Смерть в этой выхолощенной, насквозь телесной оболочке, незначительна и в порядке вещей. Структурный код этих людей даже не знает, чему себя противопоставить: они не становятся перед драмой выбора: нормальная жизнь/такая жизнь или жизнь/смерть или жизнь с наркотиками/ без наркотиков. Единственной угрозой тут является полиция, которая может нарушить возможность реализовать свой код. Здесь нечему решаться и не о чем заботиться, сюжет такого фильма неизбежно будет концентрическим, склонным к ретроспекции и повторению (как это было с «Необратимостью», где он был вообще спирально вывернутым). Сюрреалистична поэтому надпись друга Оскара, оставленная на стене где-то у костра (!): «I want 2 die». Это несбыточно: пустота лишь обратная сторона тотального овеществления; за пределы ни того, ни другого не выйти; об этом и говорится в фильме.  Даже книга мёртвых не соврала ни на йоту: то же путешествие; те же сцены из жизни; вот обещанные пары, слитые (а по сути разъединённые) воедино (!) и исторгающие из себя золотую ману (а на самом деле, исчерпывающие свою телесную энергию); тут и переселение душ…

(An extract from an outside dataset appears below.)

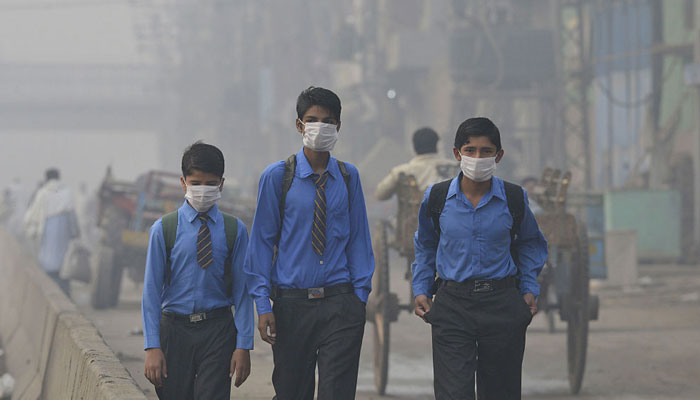 A representational image showing students in face masks due to air pollution, smog. — AFP/File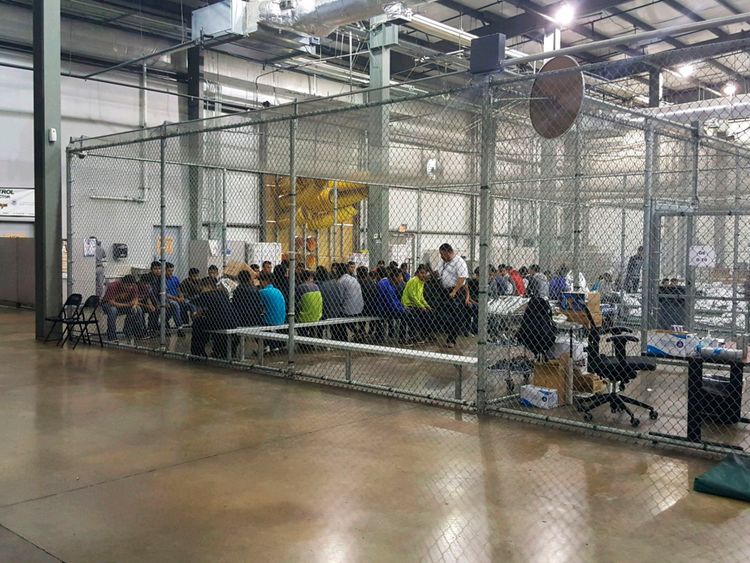 People sit on benches inside a cage in the facility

Дух Оскара беспрепятственно летает по всему городу, камере предоставлена уникальная прихоть, но эта пустота снова оказывается тесной. Стоит отметить, что Ноэ привязан к городу, к тоннелям метро, переходам (все мы помним сцену из «Необратимости» с Моникой Белуччи). Эти части города исключительно служебные, они ничьи, они есть сплошная функциональность, но пусты как ценность. Вход туда – это вход в пустоту. Недаром фильм снят в Токио, городе, расчерченном не только сеткой кастовых дифференциаций, но и сеткой сплошной функциональности. Надо ли упоминать про ту тесноту, которая имеется на каждом из уровней (сам город исключительно вертикален, он есть чистое конвертирование воздуха в тесноту). Если переложить аналогии города на тело (а ведь город – это самый настоящий организм), то получится, что тело тоже насквозь функционально и служебно. Поэтому как такового выхода из тела не существует и причиной тому не отсутствие бестелесного духа, а отсутствие выхода в принципе: всегда есть только вход. 

 Ноэ не снимает скандальных картин, в них нет ничего шокирующего или устроенного с нужным умыслом оказать то или иное воздействие на зрителя (как это есть в антиэстетике «Груза 200» или в «Просветлениях Уайта»).  Его фильмы являются, скорее, пределом городского дискурса, доведенного до крайних точек. Едва ли Ноэ снимает про злачные окраины, напротив, он пришёл за пустотой в самый центр.